Evidentemente, l’ultimo punto dell’elenco di cui sopra apre diversi scenari di rilievo. E’ ad esempio possibile che il familiare cessi di esser tale perché il matrimonio viene dichiarato nullo, o in seguito a divorzio e separazione.
In questo caso, spetterà sempre al titolare dell’impresa la valutazione autonoma della situazione creatasi, al fine di comprendere se essa risulti o meno compatibile con le finalità dell’impresa.
Cessazione dell’impresa familiare
Vi sono poi le ipotesi di cessazione dell’impresa familiare. Anche in questo caso, per brevità e per semplicità di esposizione, può esser utile cercare di sintetizzare nei seguenti punti:
- decisione del titolare di cessare le attività;
- morte del titolare, con possibilità che la stessa impresa possa proseguire con altri titolari appartenenti alla stessa famiglia;
- alienazione dell’azienda, ferme restando le regole legate al diritto di prelazione;
- fallimento del titolare.
Nel caso di morte del titolare sottolineiamo che, per effetto della sua unica titolarità, i beni dell’impresa vengono devoluti a favore del suo asse ereditario. Ai familiari partecipanti all’impresa spetta solo una quota di beni o di utili o di incrementi e il diritto di prelazione.
Non costituisce causa automatica di cessazione dell’impresa familiare la separazione dei coniugi partecipanti alla stessa. L’ha affermato il Tribunale di Ivrea il 24 giugno 2005 con le seguenti ragioni: “L’intervenuta separazione personale tra i coniugi non comporta “ipso iure” ed in assenza di qualunque altro accertamento di fatto sulle diverse modalità di concreto svolgimento dell’attività professionale, l’automatica e necessaria cessazione dell’impresa familiare ex articolo 230-bis del codice civile già esistente tra i coniugi stessi”.
Trattamento fiscale
Sotto il profilo fiscale il reddito dell’impresa familiare viene attribuito al titolare e ai collaboratori per trasparenza in base alle quote di partecipazioni agli utili. In particolare, il quarto comma dell’articolo 5 del testo unico delle imposte sui redditi stabilisce che “I redditi delle imprese familiari di cui all’articolo 230 bis del codice civile, limitatamente al 49 per cento dell’ammontare risultante dalla dichiarazione dei redditi dell’imprenditore, sono imputati a ciascun familiare, che abbia prestato in modo continuativo e prevalente la sua attività di lavoro nell’impresa, proporzionalmente alla sua quota di partecipazione agli utili”.

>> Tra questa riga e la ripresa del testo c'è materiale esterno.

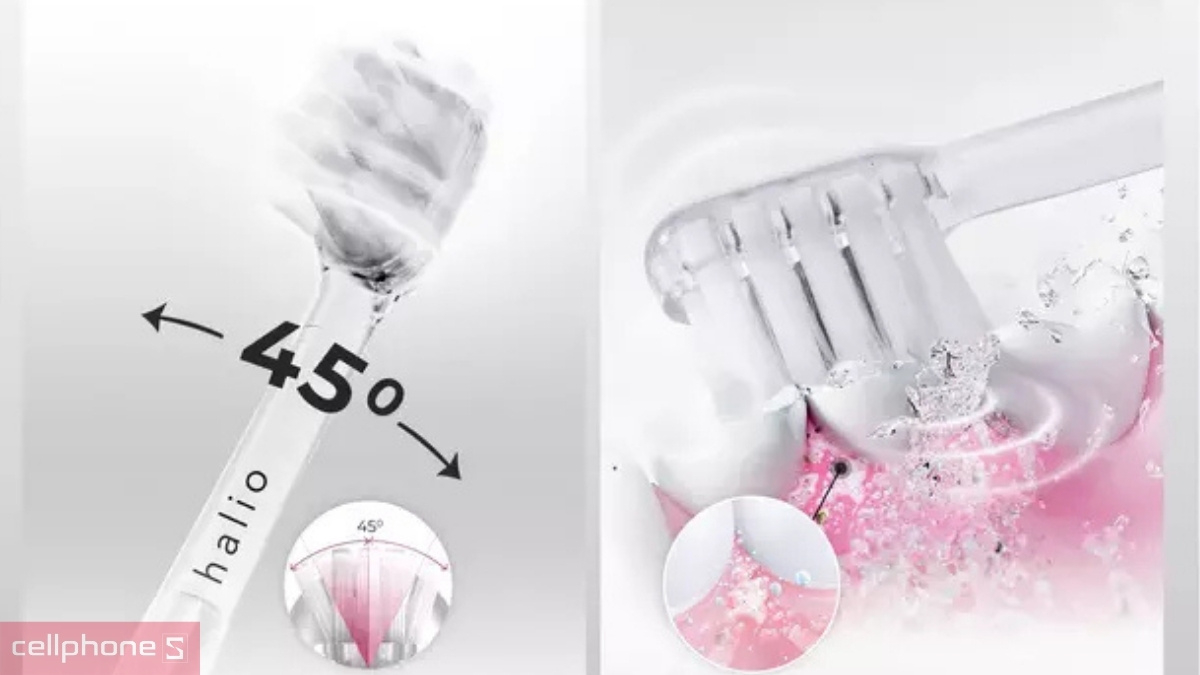 Bàn chải điện Halio Wave Sonic Electric Toothbrush - Vệ sinh răng nướu hiệu quả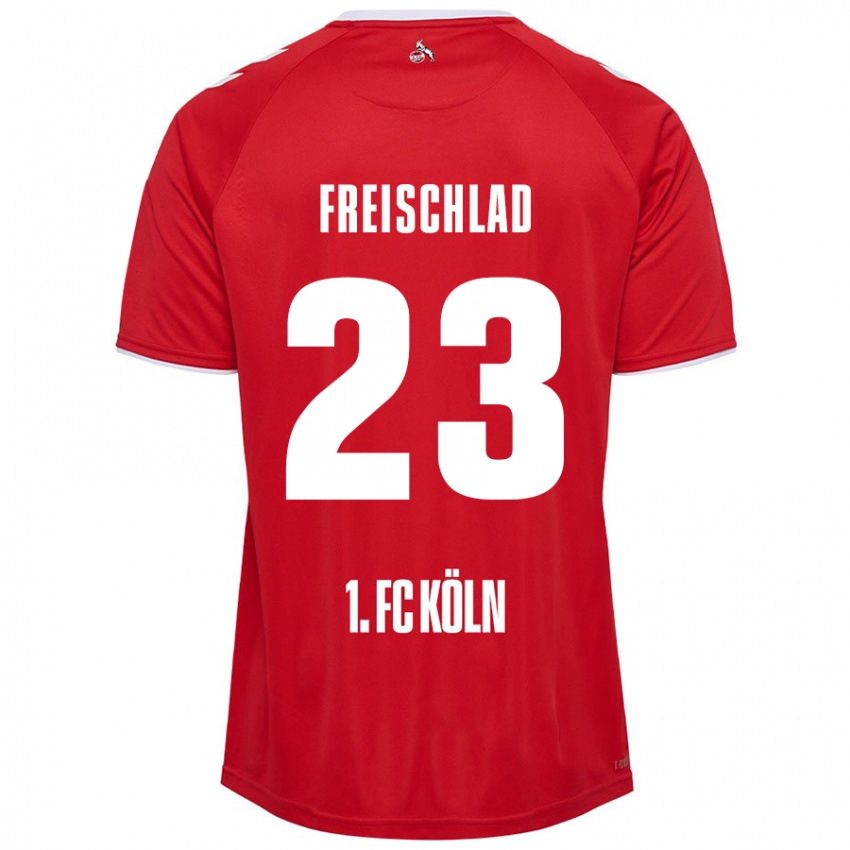 Enfant Maillot Yannick Freischlad #23 Rouge Blanc Tenues Extérieur 2024/25 T-Shirt Belgique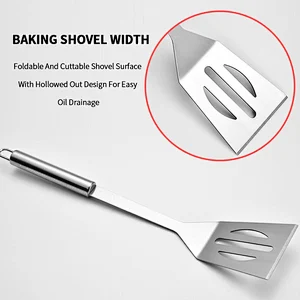 Stainless Steel Cooking Barbecue Shovel Bbq Accessories Outdoor Barbecue Camping Bbq Shovel Kitchen Cooking Bbq Spatula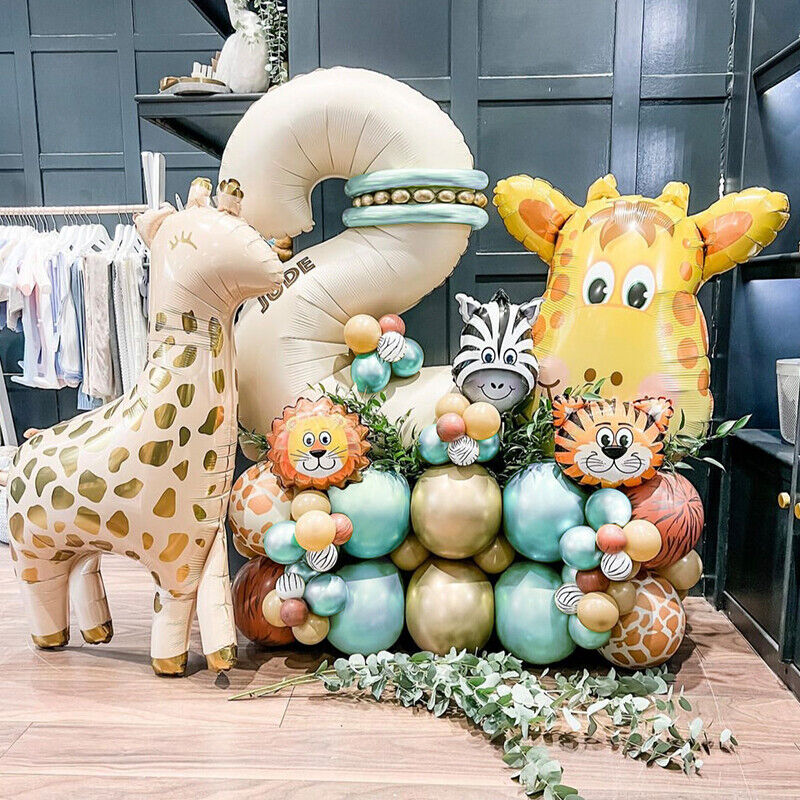 70PC Safari Animal Theme Foil Balloon Set Birthday Decoration Ages 1-3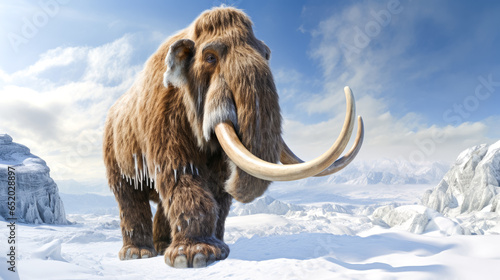big woolly mammoth on a frozen lake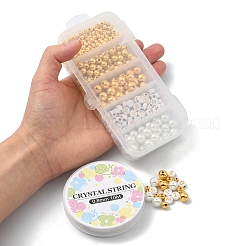 DIYレタービーズブレスレット作成キット  Abs プラスチック & ガラスパール & アクリルビーズを含む  伸縮性のある糸  ミックスカラー  455個/箱&nbsp;DIY-YW0006-11
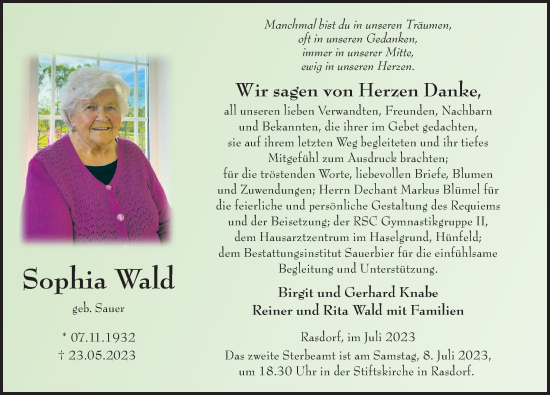 Traueranzeige von Sophia Wald von FZ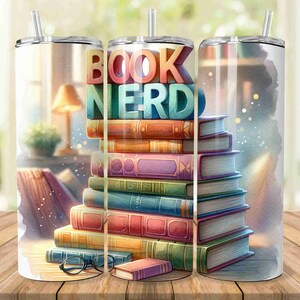 Watercolor Book Nerd Tumbler Wrap, Book Lover, Librarian 20oz Skinny Tumbler Sublimation Design Digital Download PNG, Straight tumbler wrap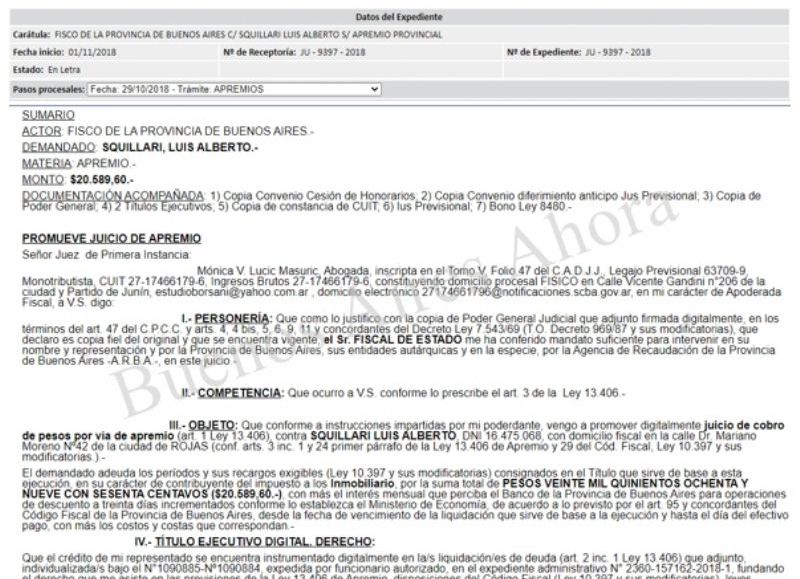 Problemas con el fisco por una sucesión de su padre. (Foto: Buenos Aires Ahora)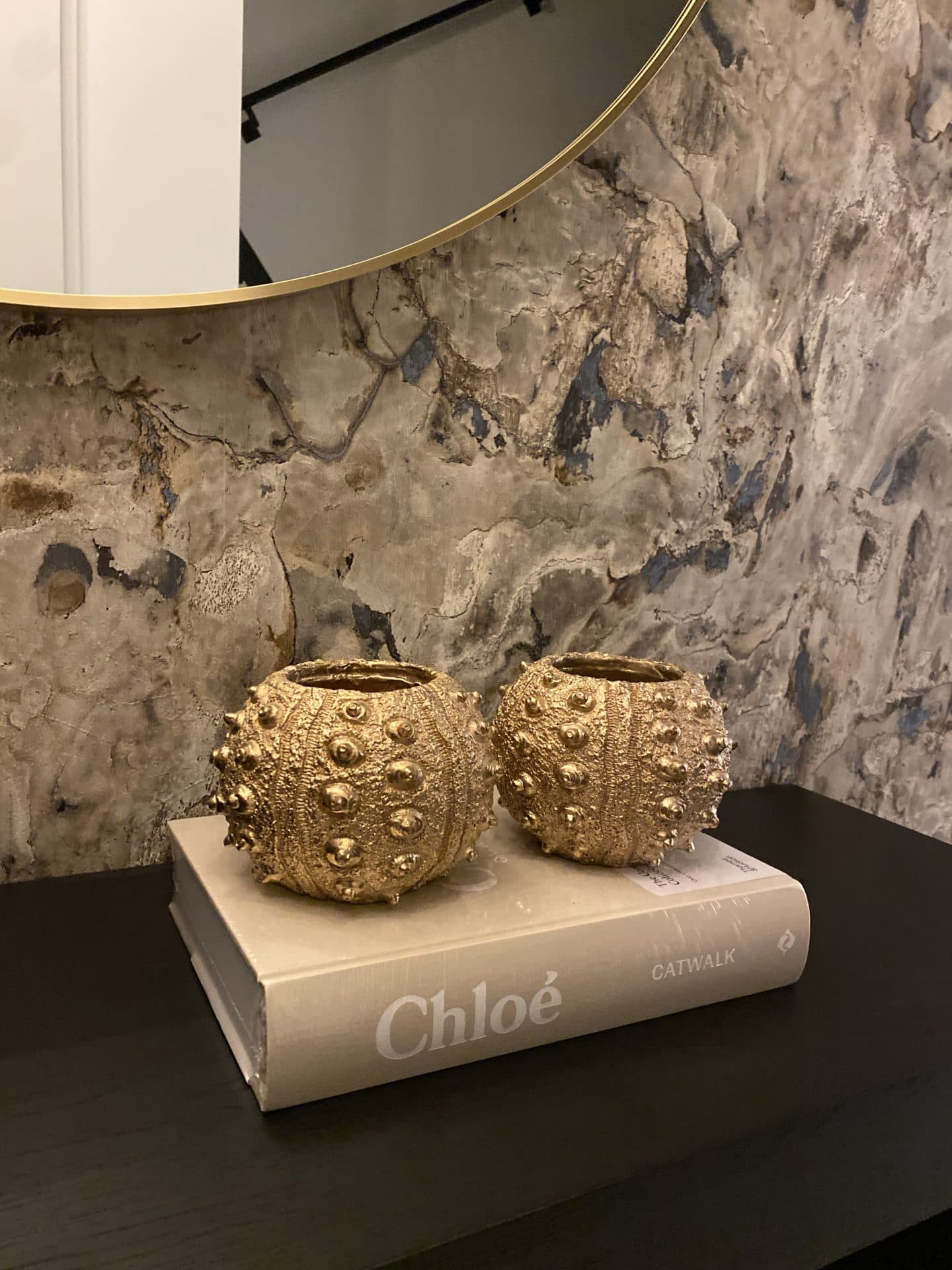 Deco planter goud zeeegel vorm 14x14x10,5 cm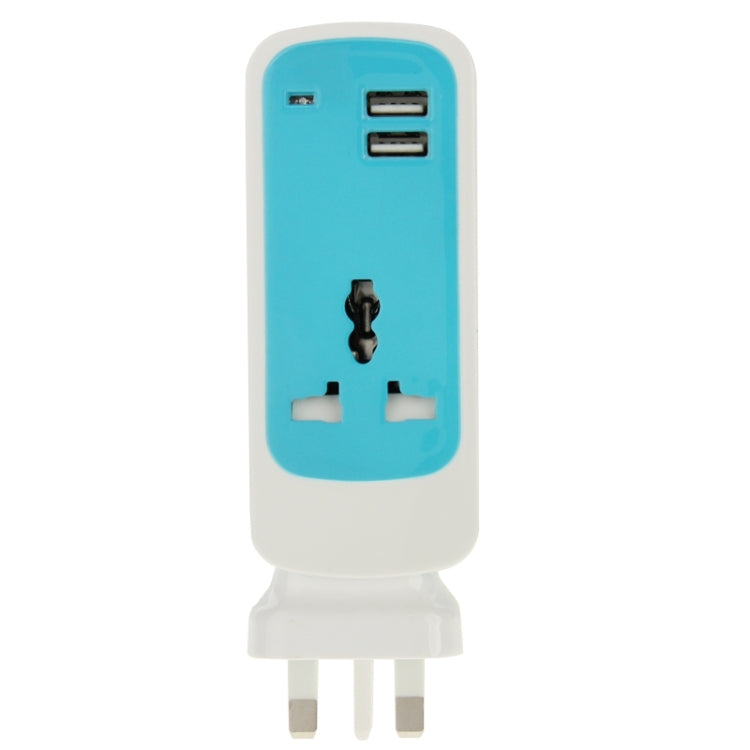 UK Plug Colorful 3 in 1 Dual USB Universal Power Socket, 2.1A Output, Cable Length: 1.5M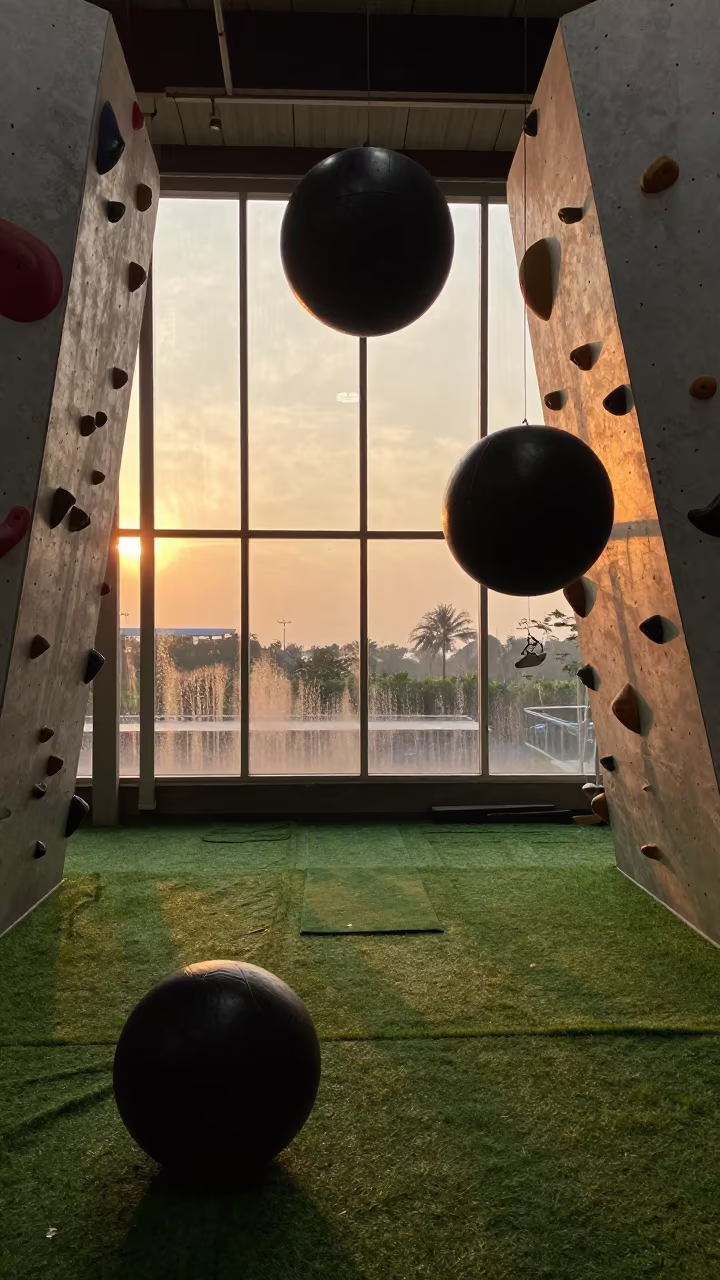Floating Medicine Balls in Jakarta Gym at Sunset in inside a climbing gym warmup zone in Jakarta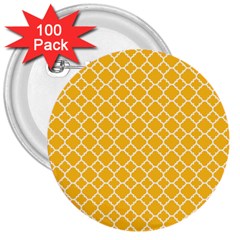 Sunny Yellow Quatrefoil Pattern 3  Button (100 Pack) by Zandiepants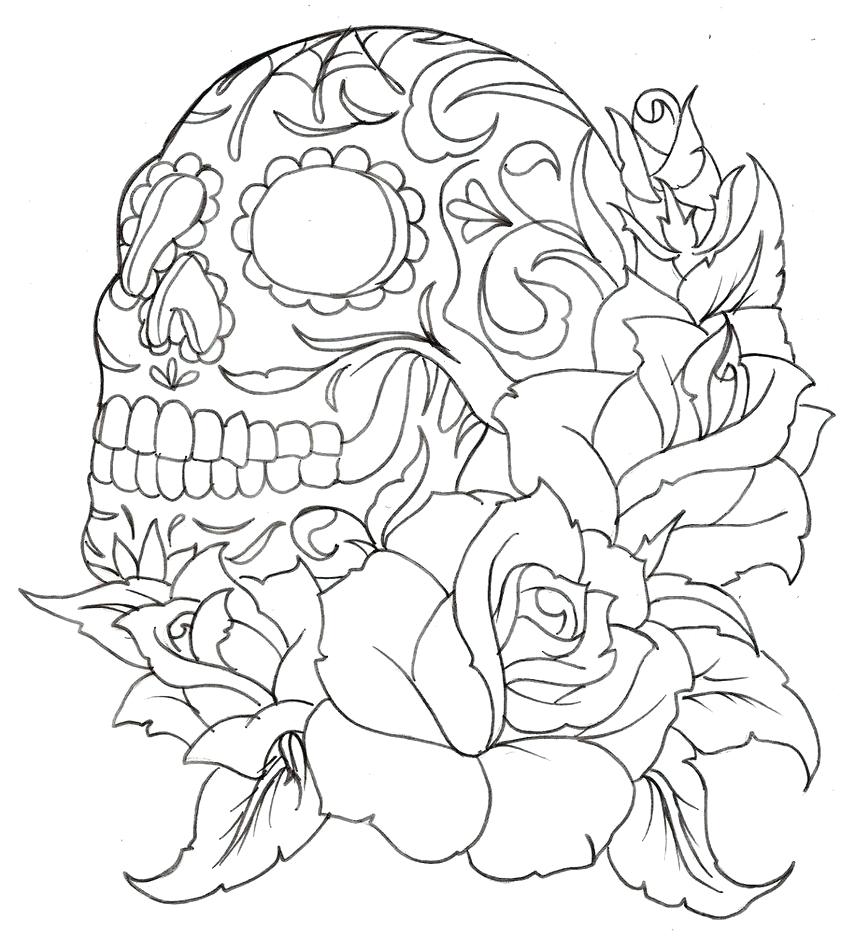 841x949 Coloring Pages Roses Coloring Pages Sugar Skull With Skulls
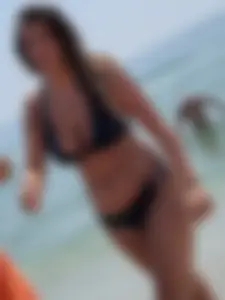 Beach girl with a nice ass and tits in blue bikini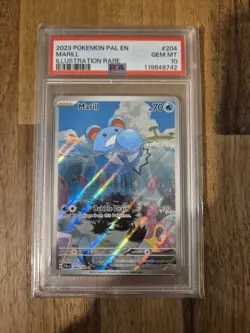 2023 Pokemon Paldea Evolved Marill Illustration Rare 204/193 PSA 10 Gem Mint - Image 1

Ai collaboratori dell’impresa, pertanto, viene attribuita la parte di reddito prodotta in relazione alle quote di partecipazione agli utili stabilite nell’atto costitutivo non oltre il 49%. Al titolare invece sarà attribuito un reddito nella percentuale minima del 51 %.
Affinché il reddito possa essere attribuito al collaboratore familiare è rilevante quanto dispone la lettera a) del quarto comma dell’articolo 5: “a) che i familiari partecipanti all’impresa risultino nominativamente, con l’indicazione del rapporto di parentela o di affinità con l’imprenditore, da atto pubblico o da scrittura privata autenticata anteriore all’inizio del periodo di imposta, recante la sottoscrizione dell’imprenditore e dei familiari partecipanti;”. Ad esempio, il familiare che è entrato a far parte dell’impresa l’1.12.2019 non dev’essere calcolato fra i collaboratori per la distribuzione del reddito relativo al periodo d’imposta 2020 perché non ha iniziato a far parte dell’impresa anteriormente all’inizio di tale periodo. Al nuovo collaboratore sarà attribuita una quota di reddito a partire dal periodo d’imposta 2021.
Anche ai fini delle imposte sui redditi si intendono per familiari il coniuge, i parenti entro il terzo grado e gli affini entro il secondo grado.